Esta mañana, un pájaro ha entrado en casa por la sala del comedor. Eran las nueve en punto. Todos habíamos desayunado, y yo me disponía a escribir. Era un pájaro hermoso, de un marrón casi negro, tres veces el tamaño de un gorrión, esbelto y ágil. Margot, la gata que comparte nuestra vida aquí, lo atrapó con un salto y comenzó la lucha. Lo tenía en el suelo, inmovilizado; el pájaro, que al principio se resistía, dejó de moverse. Por un momento pensé que había muerto, pero no: el pájaro fingía. Margot retrocedió unos centímetros, atenta, lista para lanzarse de nuevo, y, cuando el pájaro no percibió su presencia y creyó estar a salvo (¿tendrán conciencia del tiempo?), se movió. Margot, preparada, volvió a atraparlo. La lucha y el forcejeo recomenzaron. Esta vez, pensé que estaba muerto de verdad. Estaba tirado en el suelo, rígido, boca abajo, con una de sus alas —la izquierda— extendida en exceso. A su lado, una mancha de vómito verde sucio yacía como una mácula amarga, extinguida.

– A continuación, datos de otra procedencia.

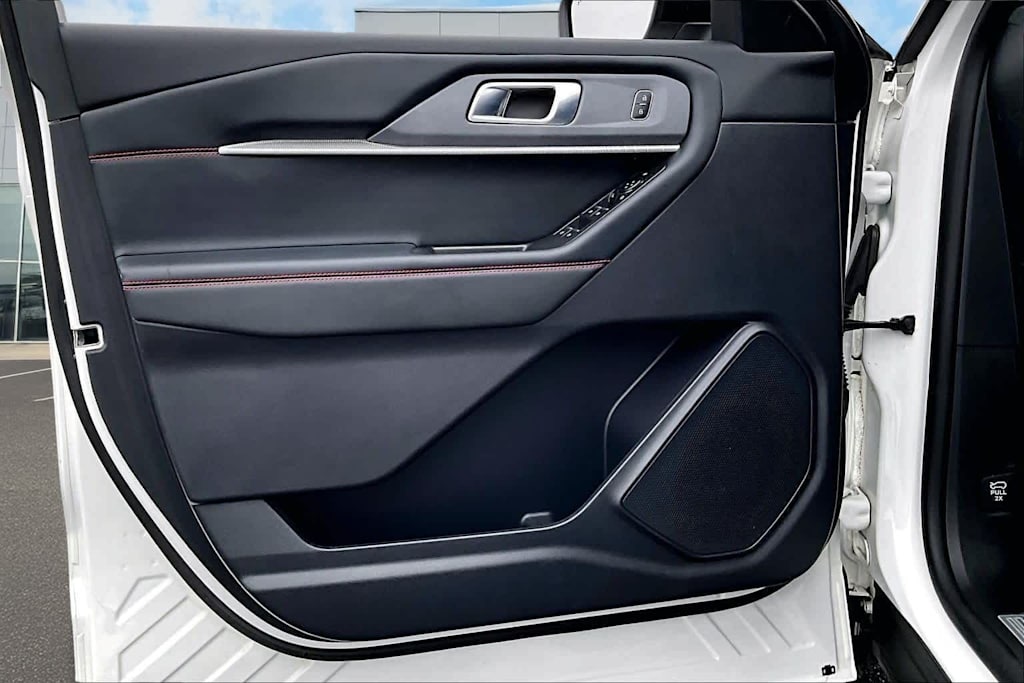 Thumbnail: 2025 Ford Explorer - 29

Me preguntaba ya si debía enterrarlo (no lloréis, en el mundo morimos como moscas)*, cuando el pájaro demostró que aún estaba vivo. Era otra de sus tácticas astutas, el agudo instinto de supervivencia.
Finalmente, el pájaro logró liberarse y comenzó a volar por la casa en un vuelo bajo y rápido (el espacio aquí es limitado). Margot brincaba tras él, obsesionada, sus grandes ojos verdes casi fuera de órbita. El pájaro se golpeaba una y otra vez contra las paredes, buscando una salida, hasta que, de repente, encontró el camino. Con una precisión desesperada, apuntó y salió disparado, veloz, por la misma ventana por la que había entrado.
Oro: Crisis versus renacimiento. El instinto de supervivencia.
Ambas historias revelan un instinto inherente en el ser humano y los animales: sobrevivir. Ambas se complementan y muestran que los conflictos, los peligros, los trances, los ahogos… cualquier tipo de crisis, sin importar su forma, son senderos hacia el renacer.
Las crisis suelen marcar un cambio crucial y, a la vez, necesario para nuestras vidas, que ya no serán las mismas, que saldrán de ellas con nuevas herramientas. Aunque duros, ásperos, dolientes y agotadores, estos procesos son inevitables, pues el acomodamiento, la rutina, el no ver el peligro que corremos, el automatismo, la negación de uno mismo —entre otros— también existen, y a veces solo un golpe puede despertar en nosotros la necesidad de volver a la vida.
Estas historias nos enseñan cuánto podemos aprender desde el shock y el miedo, y que hay una voluntad esencial en la vida, un reflejo de salir de nuevo a la superficie. Salir tras haber permanecido en las profundidades que más tememos, tras un instante que pareció eterno; ver la luz, sentirnos vivos y respirar. Respirar y captar ese aire que nos faltó en la lucha; salir y sentir la fuerza de la vida en nuestras entrañas otra vez. Salir, disparados y veloces, y notar cómo circula dentro de nosotros, bombeada por el corazón, la sangre; santa sangre, oro líquido.
*Tristan Corbière, "Carta de México".